(Caption-style text data)
<<<<

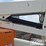 2019-snorkel-ab60j-image-35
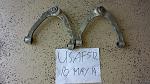 oem front and rear camber kit.-front.jpg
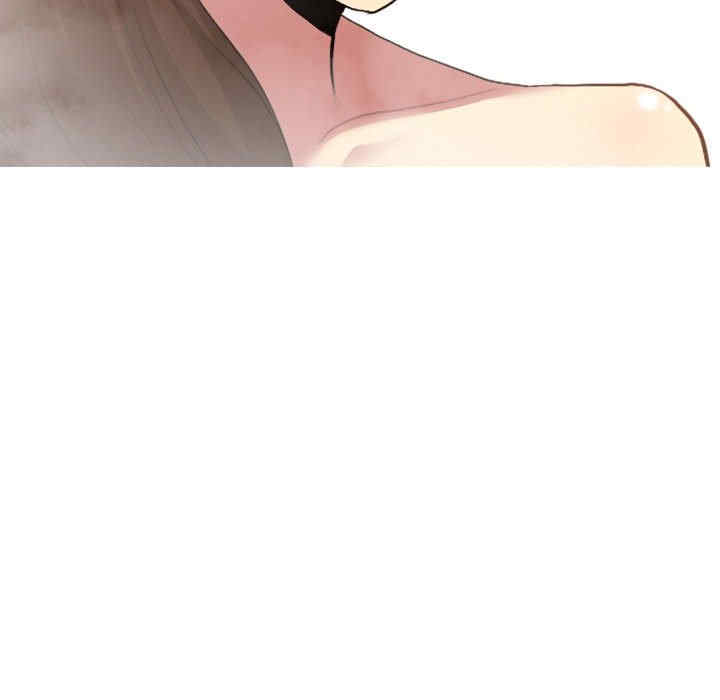 嫂嫂忘了我/大嫂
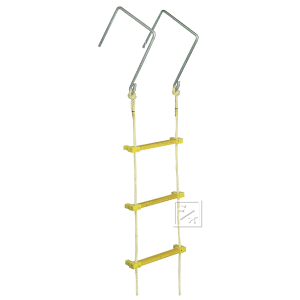 cH 12030 c΂ iJMtj 5m ͂ ~R~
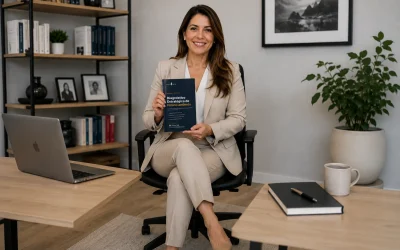 Cómo hacer un diagnóstico estratégico de financiamiento para tu ONG
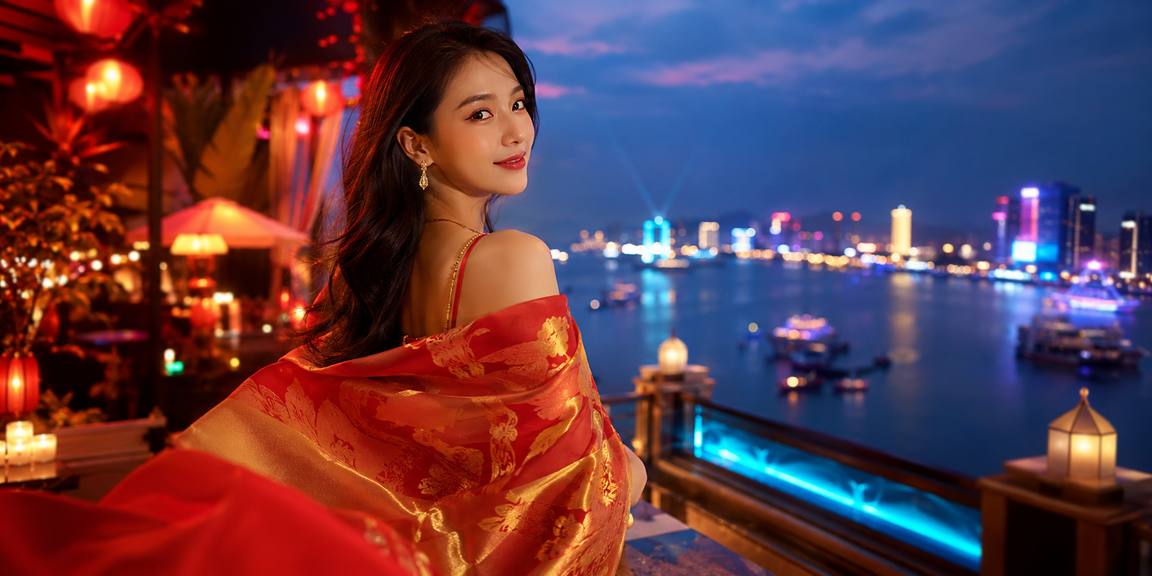 c54 bet Bingo Vui Là Gì Và Tại Sao Nên Thử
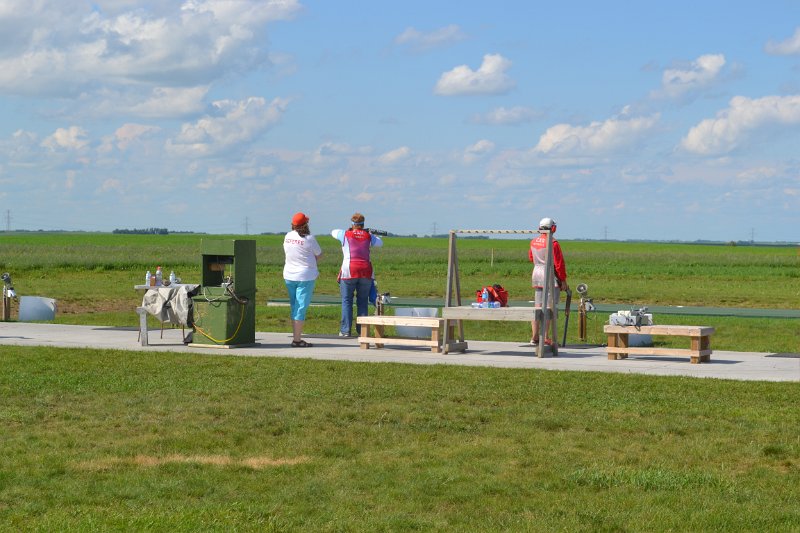DSC_1423.JPG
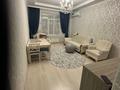 4-комнатная квартира · 124 м² · 5/12 этаж, мкр 11 144 за 45 млн ₸ в Актобе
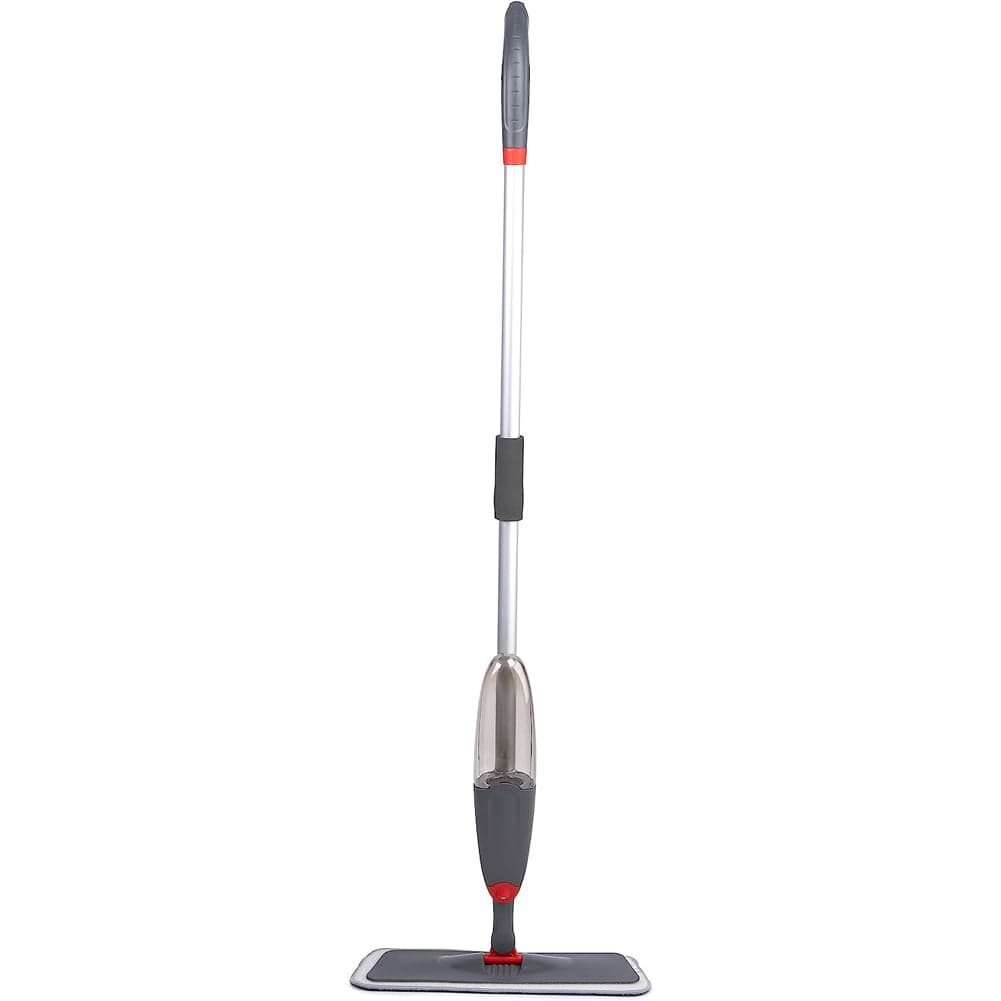3805166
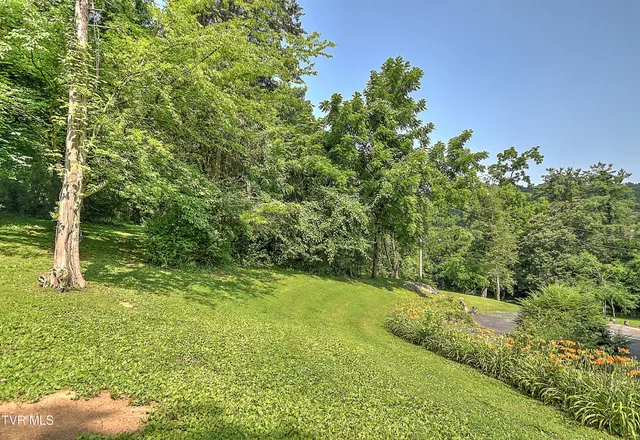 $675,000 | 1027 West Summer Street, Greeneville, TN 37743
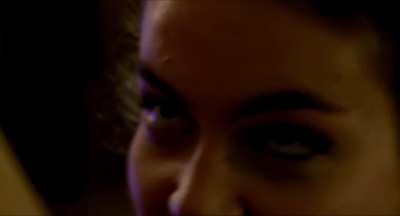 [1080p60fps] 5. Sexual Chronicles of a French Family (2012) - Mailys Amrous - Link in Description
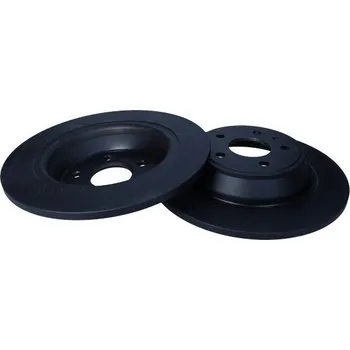 Brzdový kotouč Brzdový kotouč QUARO QD9889HC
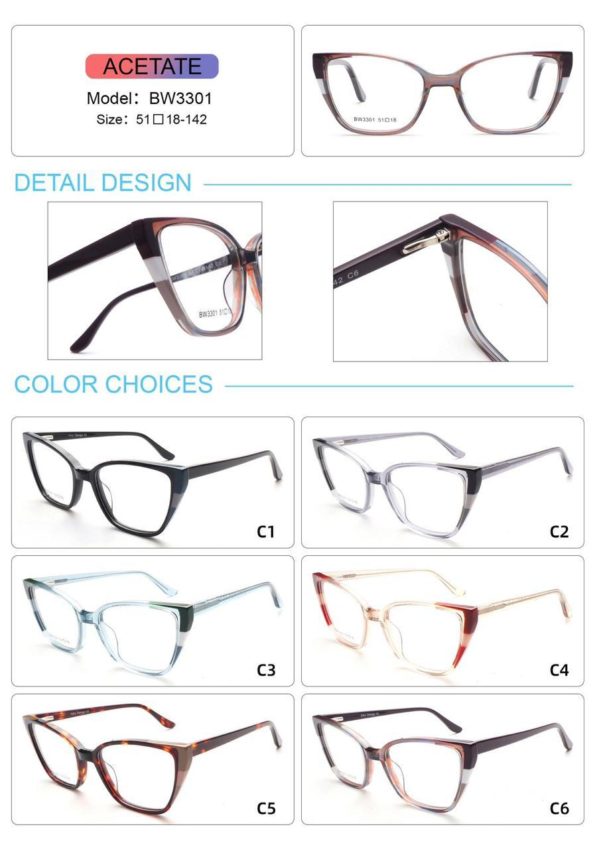 R$45,99 (61)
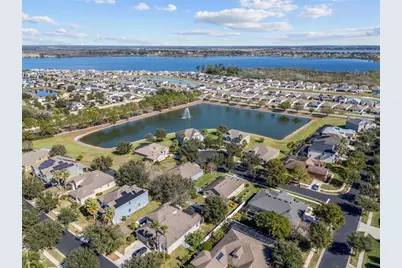 452 Palastro Avenue, Auburndale, FL 33823 - Photo 51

>>>>

» **How to complete this task**
Using the data above, write out every line exactly, leaving the images behind.

» **Result of this task**
 2019-snorkel-ab60j-image-35
 oem front and rear camber kit.-front.jpg
 嫂嫂忘了我/大嫂
 cH 12030 c΂ iJMtj 5m ͂ ~R~
 Cómo hacer un diagnóstico estratégico de financiamiento para tu ONG
 c54 bet Bingo Vui Là Gì Và Tại Sao Nên Thử
DSC_1423.JPG
 4-комнатная квартира · 124 м² · 5/12 этаж, мкр 11 144 за 45 млн ₸ в Актобе
3805166
 $675,000 | 1027 West Summer Street, Greeneville, TN 37743
 [1080p60fps] 5. Sexual Chronicles of a French Family (2012) - Mailys Amrous - Link in Description
 Brzdový kotouč Brzdový kotouč QUARO QD9889HC
 R$45,99 (61)
 452 Palastro Avenue, Auburndale, FL 33823 - Photo 51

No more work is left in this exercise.